With VMs I have the joy of managing my own keys.
VMs need security patches, updates, and I have to maintain images. I have to think.
It is hard to explain how simple firebase functions are.
There is literally no mental overhead. There is no worrying. There is nothing to maintain or think about, no settings up quotas or managing what machine something is running on or getting user auth setup. No certs that can expire or daemons that can crash.
I can come back 2 months later and count on everything I setup functioning just as I left it.
Some months I wrote a bunch of endpoints, I average 2 a month maybe, but if I am adding a new feature, I can pop out 3 or 4 a day, and then go on my way and work with the front end again.
Getting debugging up and running for them can be interesting (painful and bad), but everything else is just smooth.

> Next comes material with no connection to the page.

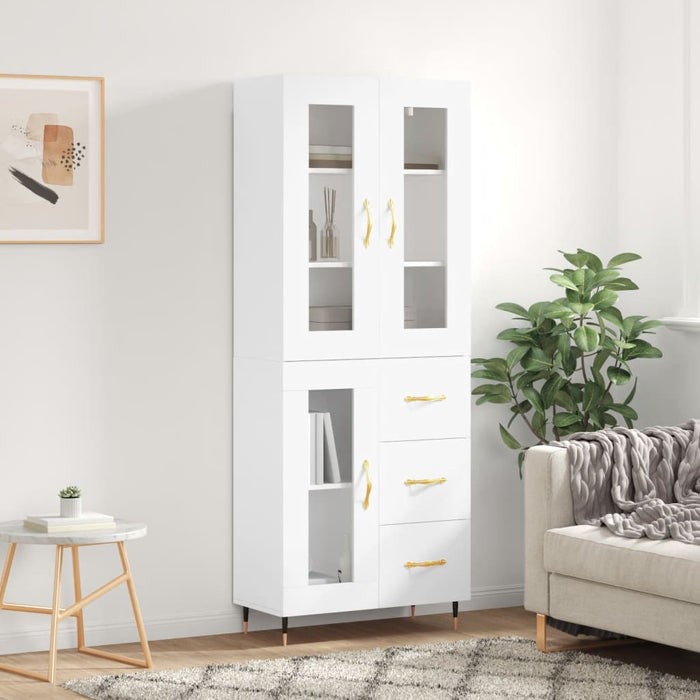 Dulap înalt, alb, 69,5x34x180 cm, lemn compozit - WALTI WALTI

I don't want to maintain a bunch of infrastructure, I want my users to ask for some data and get some data back.
If someone is doing non-trivial processing, serverless is probably not for them. But I have a bunch of 20-50 line functions that are all independent of each other and have 0 state.
I realize I'm paying a premium, but it is worth it to have this stuff that just works.
Ah ok so you're 100% serverless so functions are saving you all the headaches of running your own infra? That makes sense. It sounded like the time to add an endpoint was your main criteria and just seemed strange.
I'm using serverless because it lets me deploy a new API endpoint in a matter of minutes.
There is 0 configuration, and deployment is a single command. I also have my own servers running some of my APIs, the difference how much work I have to do is huge. Serverless on Google Firebase is literally "export a function, now you have a new endpoint!".
There is, quite literally, nothing else to do.
I can move 5x-10x the speed with serverless. There is less (almost 0) infrastructure to maintain.
Yes, it costs more, although the math with Google Firebase Functions is pretty trivial, everything is bundled under 1 service, and sending data around between Google cloud services is free.